Takabayashi Kaoru, Kobayashi Taku, Matsuoka Katsuyoshi, Levesque Barrett G, Kawamura Takuji, Tanaka Kiyohito, Kadota Takeaki, Bise Ryoma, Uchida Seiichi, Kanai Takanori, Ogata Haruhiko
Center for Diagnostic and Therapeutic Endoscopy, Keio University School of Medicine, Tokyo, Japan.
Center for Advanced IBD Research and Treatment, Kitasato University Kitasato Institute Hospital, Tokyo, Japan.
Dig Endosc. 2024 May;36(5):582-590. doi: 10.1111/den.14677. Epub 2023 Oct 11.
Existing endoscopic scores for ulcerative colitis (UC) objectively categorize disease severity based on the presence or absence of endoscopic findings; therefore, it may not reflect the range of clinical severity within each category. However, inflammatory bowel disease (IBD) expert endoscopists categorize the severity and diagnose the overall impression of the degree of inflammation. This study aimed to develop an artificial intelligence (AI) system that can accurately represent the assessment of the endoscopic severity of UC by IBD expert endoscopists.
A ranking-convolutional neural network (ranking-CNN) was trained using comparative information on the UC severity of 13,826 pairs of endoscopic images created by IBD expert endoscopists. Using the trained ranking-CNN, the UC Endoscopic Gradation Scale (UCEGS) was used to express severity. Correlation coefficients were calculated to ensure that there were no inconsistencies in assessments of severity made using UCEGS diagnosed by the AI and the Mayo Endoscopic Subscore, and the correlation coefficients of the mean for test images assessed using UCEGS by four IBD expert endoscopists and the AI.

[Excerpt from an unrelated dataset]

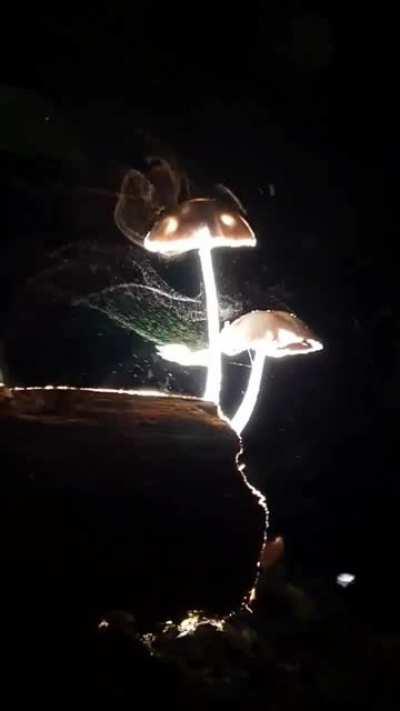 Mushrooms releasing spores into the wind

Spearman's correlation coefficient between the UCEGS diagnosed by AI and Mayo Endoscopic Subscore was approximately 0.89. The correlation coefficients between IBD expert endoscopists and the AI of the evaluation results were all higher than 0.95 (P < 0.01).
The AI developed here can diagnose UC severity endoscopically similar to IBD expert endoscopists.
现有的溃疡性结肠炎(UC)内镜评分基于内镜检查结果的有无对疾病严重程度进行客观分类;因此,它可能无法反映每个类别内临床严重程度的范围。然而,炎症性肠病(IBD)专家内镜医师会对严重程度进行分类并诊断炎症程度的总体印象。本研究旨在开发一种人工智能(AI)系统,该系统能够准确呈现IBD专家内镜医师对UC内镜严重程度的评估。
使用IBD专家内镜医师创建的13826对内镜图像的UC严重程度比较信息训练排名卷积神经网络(ranking-CNN)。使用训练好的ranking-CNN,用UC内镜分级量表(UCEGS)来表示严重程度。计算相关系数,以确保使用人工智能诊断的UCEGS和梅奥内镜子评分对严重程度的评估不存在不一致,以及四位IBD专家内镜医师和人工智能使用UCEGS评估的测试图像平均值的相关系数。
人工智能诊断的UCEGS与梅奥内镜子评分之间的Spearman相关系数约为0.89。IBD专家内镜医师与人工智能评估结果的相关系数均高于0.95(P<0.01)。
此处开发的人工智能在内镜下诊断UC严重程度的能力与IBD专家内镜医师相似。